Fixing Net::TFTP

Hi all -

I'm extremely new to Ruby programming. Forgive me.

I'm trying to develop an updated Net::TFTP library. The existing
library doesn't seem to work correctly with the few embedded devices
that I've tried it with. It's quite old and uses Timeout::timeout()
while waiting on IO, and this never, ever seems to work (timeout
exception is always thrown, whether I am writing or reading).

I've been rewriting the library to use IO.select() in place of all of
the old Timeout::timeout() statements. I'm finding that its behavior is
really weird, though.

Here is my snippet of modified Net::TFTP.putbinaryfile:

    def putbinary(remotefile, io, &block) # :yields: data, seq
      s = UDPSocket.new
      peer_ip = IPSocket.getaddress(@host)
      puts "putting binary file to ", peer_ip
      peer_tid = nil
      seq = 0
      from = nil
      data = nil
      while TRUE do
        s.send(wrq_packet(remotefile, "octet"), 0, peer_ip, @port)
        puts "(Re-)Sent fwrite request, waiting for response"
        a = IO.select([s], nil, nil, 1)
        if a
          puts "."
          packet, from = s.recvfrom(2048,0)
          puts "."
          puts "received packet " , packet, " from ", from
          next unless peer_ip == from[3]
          type, block, data = scan_packet(packet)
          break if (type == OP_ERROR) || (type == OP_OPACK) || ((type ==
OP_ACK) && (block == seq))
        end
      end

My output is:
<I see the write request packet go out via wireshark>
<0.04 seconds later, I see an ACK from the tftp server>
Sent fwrite request, waiting for response
.
<The program then pauses for 5 seconds>
.
received packet....yadda yadda yadda

The same delay occurs when I actually send packets of the file (and if
the file is big, the 5-second delays between blocks is horrifyingly
slow).

It seems that recvfrom() still blocks, even though IO.select should not
return a non-nil response unless there is data to be read on the socket?
Setting different maximum sizes to recvfrom() doesn't change the
behavior.

I wrote a separate program doing the exact same thing with IO.select()
followed by recvfrom(). It then s.send()'s the data back to the client,
basically making a UDP echo service. Connecting to that with netcat
yields exactly what I'd expect: the data is echo'd back to netcat
immediately, not after a several-second delay.
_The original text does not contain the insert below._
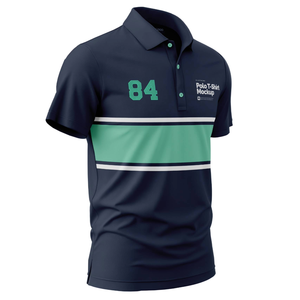 Fournisseur de polos de golf sportifs personnalisés OEM pour hommes, de qualité supérieure, en spandex et polyester, avec impression par sublimation, nouvelle collection, séchage rapide, vente en gros - Product Image 3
If it's any help, I'm running Ruby 1.8.7...

I'd appreciate any help that folks can provide, even if it's just a
pointer to some other documentation that I should read. From what I've
read, IO.select() should do what I want, though?

Thanks,
Reid

···

--
Posted via http://www.ruby-forum.com/.

What happens if you set non-blocking on the socket and try to catch an exception on the recv?

require 'fcntl'
...

s = UDPSocket.new

s.fcntl(Fcntl::F_SETFL, s.fcntl(Fcntl::F_GETFL) | Fcntl::O_NONBLOCK)
...
begin

   packet, from = s.recvfrom(2048,0)

rescue StandardError => e
   puts "Waarg: #{e}"
   next
end
...

Sam

···

On 13/12/11 17:05, Reid Wightman wrote:

Hi all -

I'm extremely new to Ruby programming. Forgive me.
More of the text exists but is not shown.